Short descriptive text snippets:
========================================================================
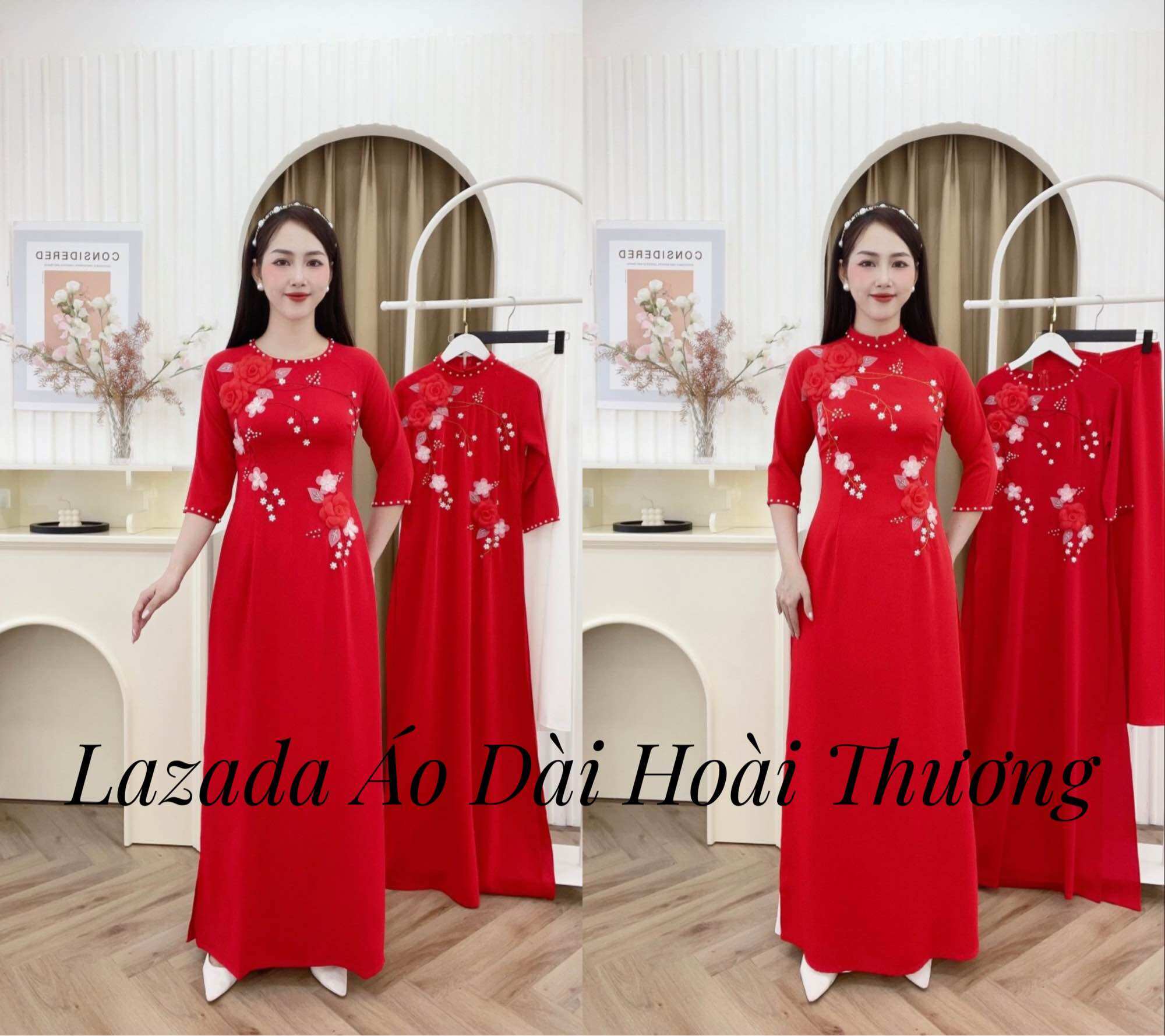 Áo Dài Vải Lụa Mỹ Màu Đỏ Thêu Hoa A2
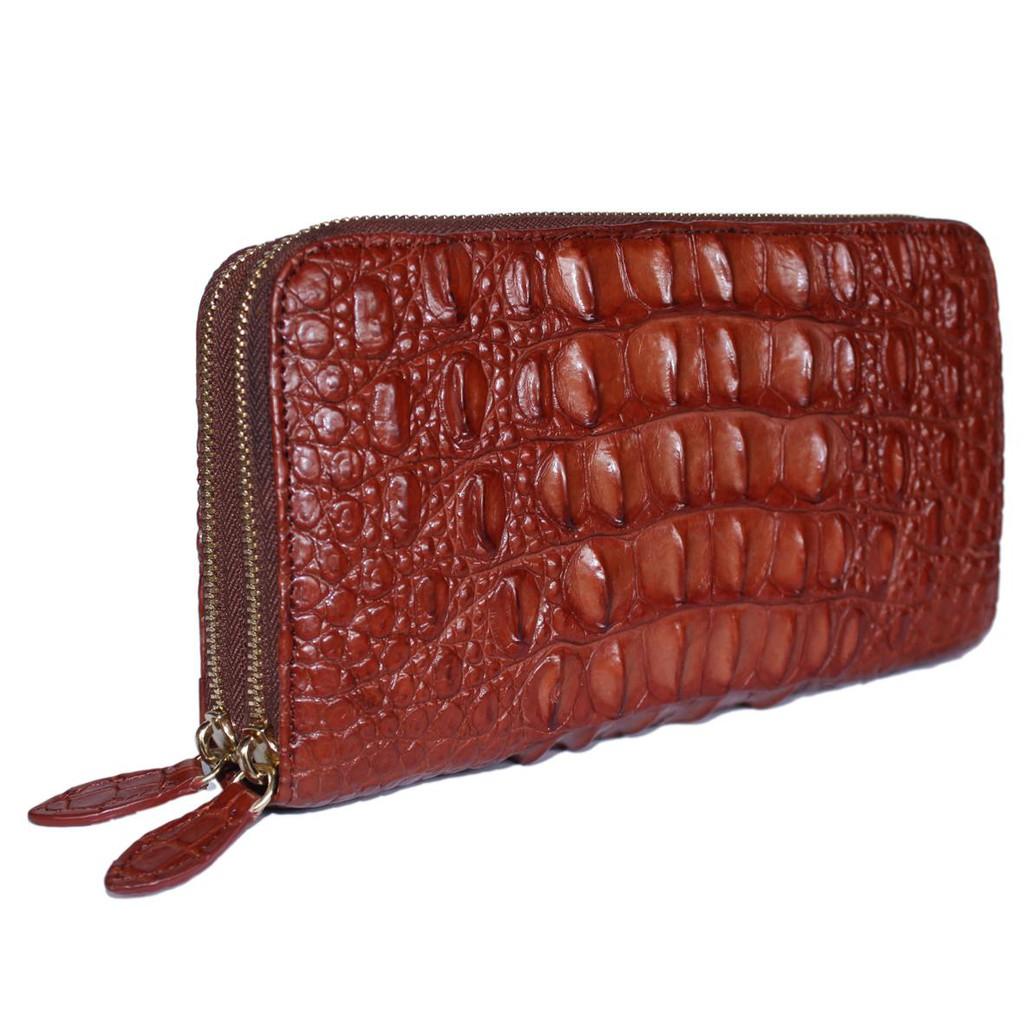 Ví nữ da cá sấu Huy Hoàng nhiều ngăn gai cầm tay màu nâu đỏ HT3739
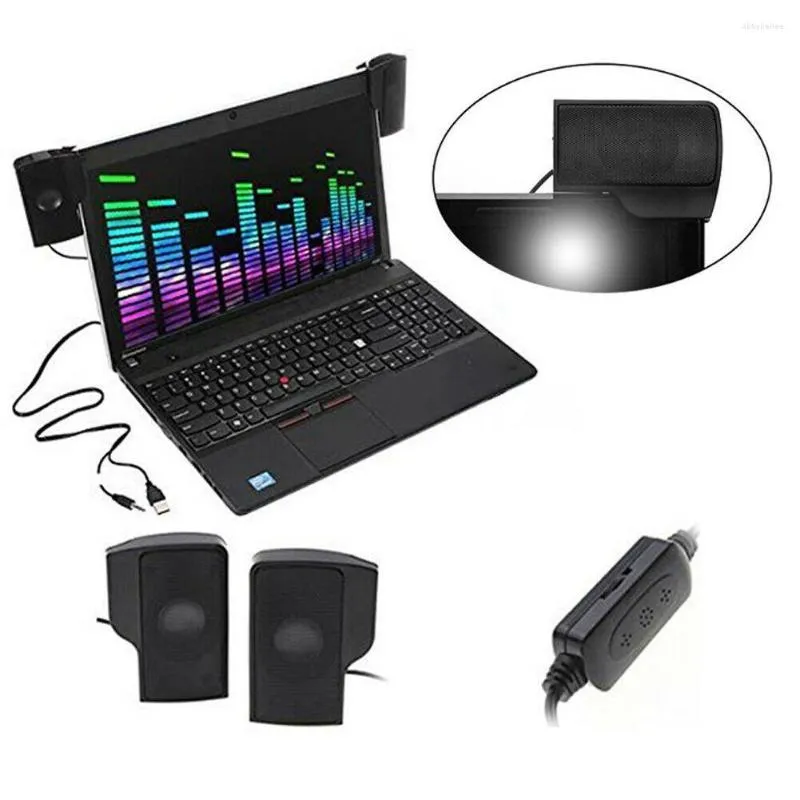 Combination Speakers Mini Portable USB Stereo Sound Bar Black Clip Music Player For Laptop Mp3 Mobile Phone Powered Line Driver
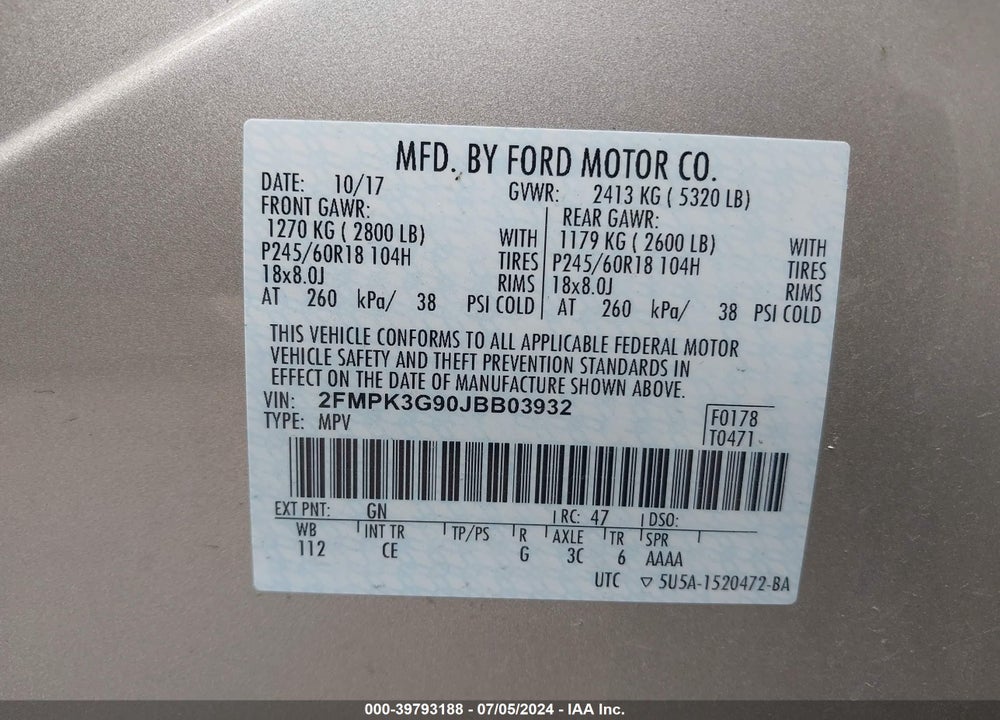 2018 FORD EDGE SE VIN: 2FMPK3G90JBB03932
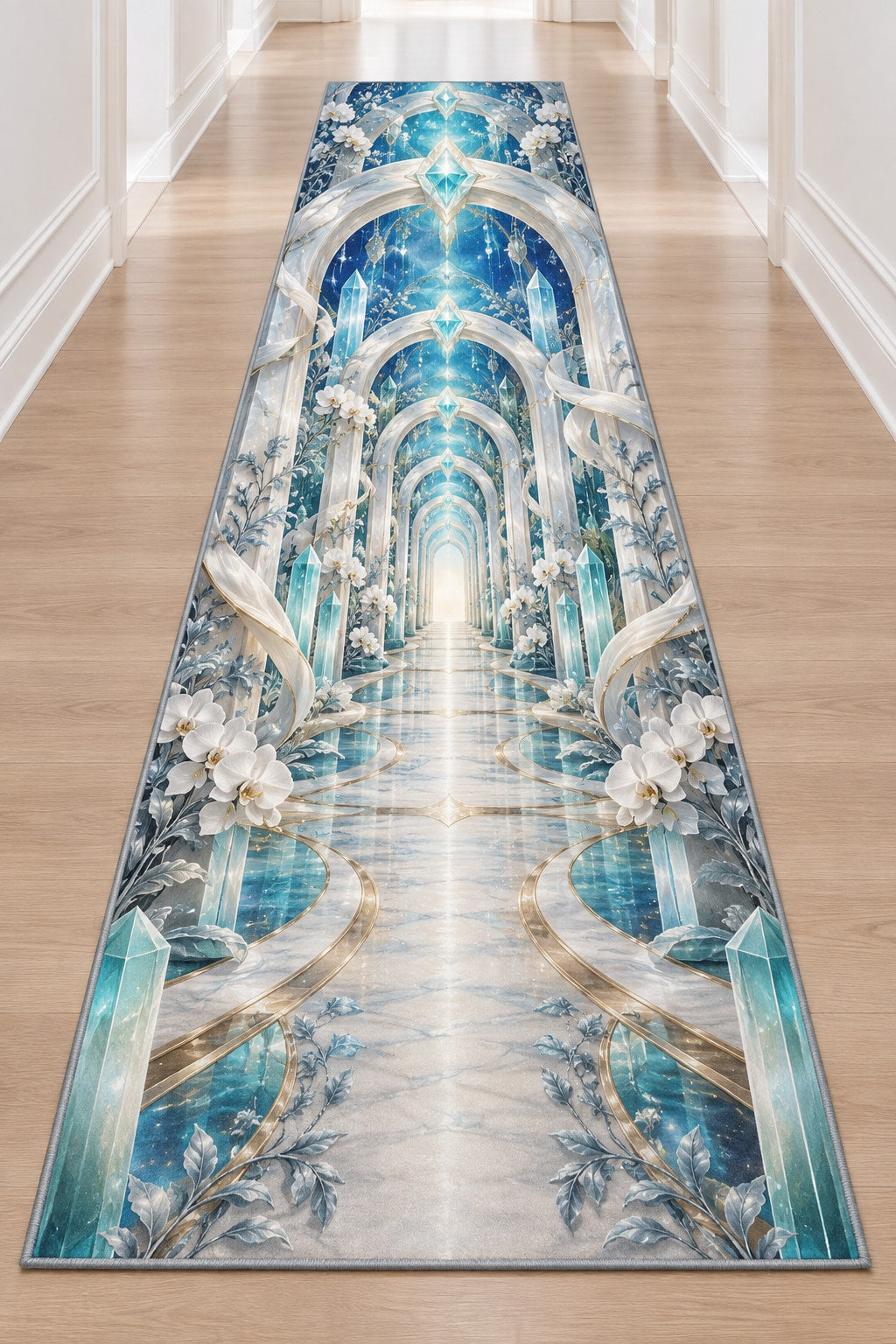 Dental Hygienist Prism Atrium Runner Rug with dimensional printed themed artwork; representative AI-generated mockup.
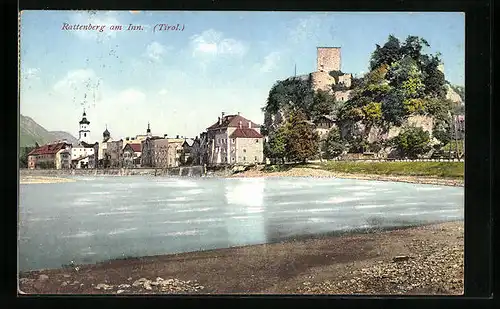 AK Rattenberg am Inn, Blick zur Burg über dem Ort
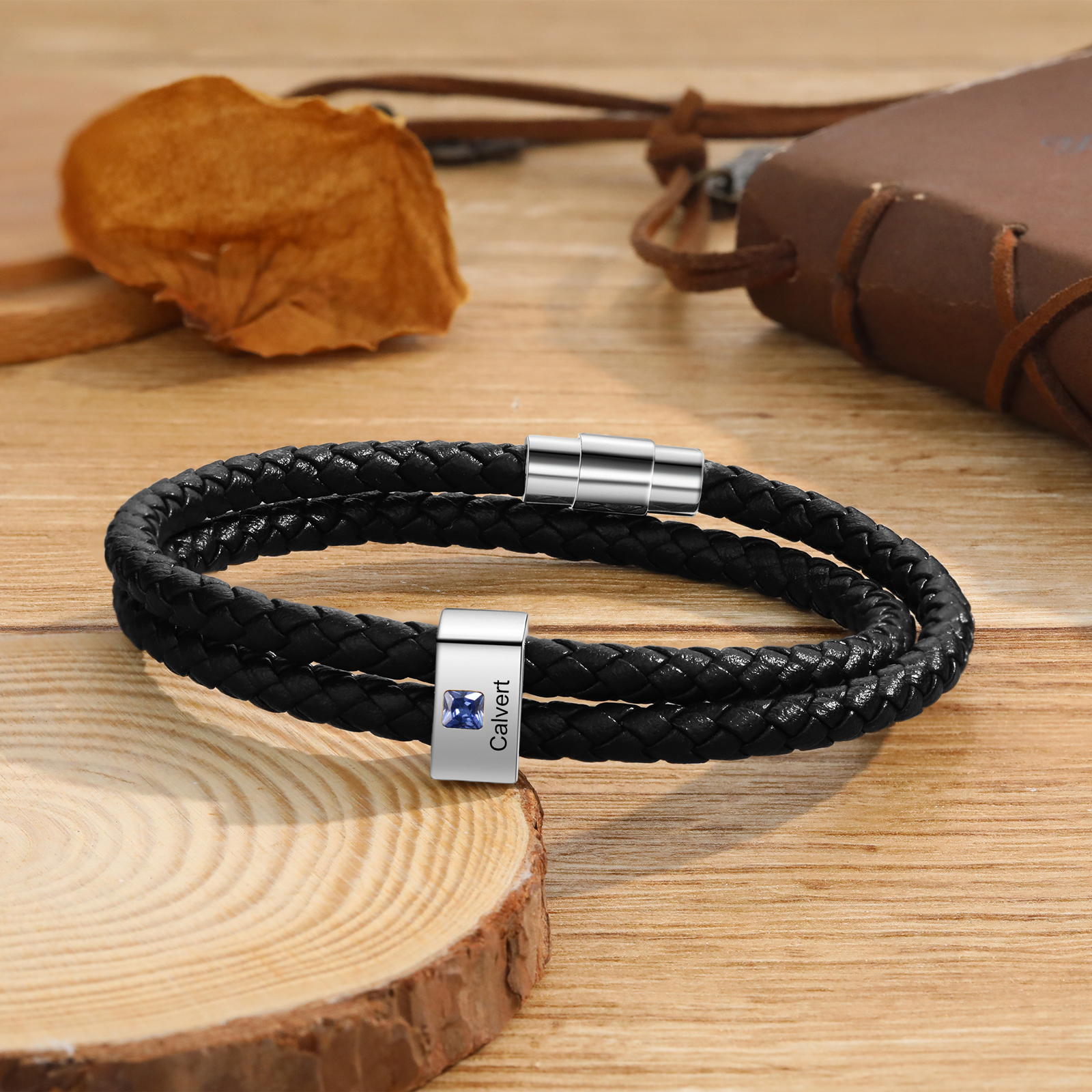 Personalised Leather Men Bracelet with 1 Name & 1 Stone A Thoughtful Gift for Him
========================================================================
§ **The task**
Once you find the line containing "2018 FORD EDGE SE VIN: 2FMPK3G90JBB03932", transcribe it and each line after it to the end of the records exactly, and leave out the pictures.

§ **Result of this exercise**
 2018 FORD EDGE SE VIN: 2FMPK3G90JBB03932
 Dental Hygienist Prism Atrium Runner Rug with dimensional printed themed artwork; representative AI-generated mockup.
 AK Rattenberg am Inn, Blick zur Burg über dem Ort
 Personalised Leather Men Bracelet with 1 Name & 1 Stone A Thoughtful Gift for Him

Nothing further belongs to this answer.